━━━ Input data ━━━

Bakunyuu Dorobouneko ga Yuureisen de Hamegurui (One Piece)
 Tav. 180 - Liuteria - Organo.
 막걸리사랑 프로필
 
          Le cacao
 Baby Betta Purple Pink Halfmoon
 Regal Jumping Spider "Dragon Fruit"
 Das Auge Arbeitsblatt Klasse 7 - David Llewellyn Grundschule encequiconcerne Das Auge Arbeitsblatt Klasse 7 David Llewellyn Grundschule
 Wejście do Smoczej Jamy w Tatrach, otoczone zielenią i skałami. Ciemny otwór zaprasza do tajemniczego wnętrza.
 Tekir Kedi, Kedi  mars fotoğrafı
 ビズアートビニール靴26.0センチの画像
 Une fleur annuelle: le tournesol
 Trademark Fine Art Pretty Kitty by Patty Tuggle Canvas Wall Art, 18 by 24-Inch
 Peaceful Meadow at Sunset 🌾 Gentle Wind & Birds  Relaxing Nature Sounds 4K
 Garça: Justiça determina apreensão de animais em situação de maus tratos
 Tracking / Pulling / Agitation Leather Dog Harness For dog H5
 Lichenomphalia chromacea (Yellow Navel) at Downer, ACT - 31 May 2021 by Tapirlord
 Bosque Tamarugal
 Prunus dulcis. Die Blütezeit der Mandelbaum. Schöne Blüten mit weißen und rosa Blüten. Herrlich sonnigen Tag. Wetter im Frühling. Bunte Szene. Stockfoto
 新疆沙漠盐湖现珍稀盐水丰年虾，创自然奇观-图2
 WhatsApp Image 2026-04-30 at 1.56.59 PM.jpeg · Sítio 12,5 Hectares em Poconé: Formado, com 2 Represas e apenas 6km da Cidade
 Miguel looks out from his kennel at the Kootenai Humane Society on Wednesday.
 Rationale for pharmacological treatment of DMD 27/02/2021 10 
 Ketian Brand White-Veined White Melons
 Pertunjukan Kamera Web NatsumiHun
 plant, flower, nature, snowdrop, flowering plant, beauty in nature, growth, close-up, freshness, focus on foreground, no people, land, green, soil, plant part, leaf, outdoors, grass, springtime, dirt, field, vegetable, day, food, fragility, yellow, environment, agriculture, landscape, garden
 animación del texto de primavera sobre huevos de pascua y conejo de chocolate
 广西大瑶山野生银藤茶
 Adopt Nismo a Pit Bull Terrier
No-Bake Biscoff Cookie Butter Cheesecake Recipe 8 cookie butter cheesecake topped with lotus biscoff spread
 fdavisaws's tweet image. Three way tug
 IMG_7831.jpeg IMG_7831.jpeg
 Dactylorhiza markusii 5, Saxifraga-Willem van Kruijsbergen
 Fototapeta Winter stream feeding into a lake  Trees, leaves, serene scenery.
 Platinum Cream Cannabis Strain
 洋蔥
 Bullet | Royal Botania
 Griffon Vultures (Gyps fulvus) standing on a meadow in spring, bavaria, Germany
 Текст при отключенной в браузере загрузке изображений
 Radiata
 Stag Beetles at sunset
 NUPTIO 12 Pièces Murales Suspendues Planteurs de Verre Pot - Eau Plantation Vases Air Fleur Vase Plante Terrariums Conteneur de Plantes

━━━

▶ **Instructions to follow**: Every line of the listing that includes the word "jpeg" must be copied.

▶ **Exercise response**:
 WhatsApp Image 2026-04-30 at 1.56.59 PM.jpeg · Sítio 12,5 Hectares em Poconé: Formado, com 2 Represas e apenas 6km da Cidade
 IMG_7831.jpeg IMG_7831.jpeg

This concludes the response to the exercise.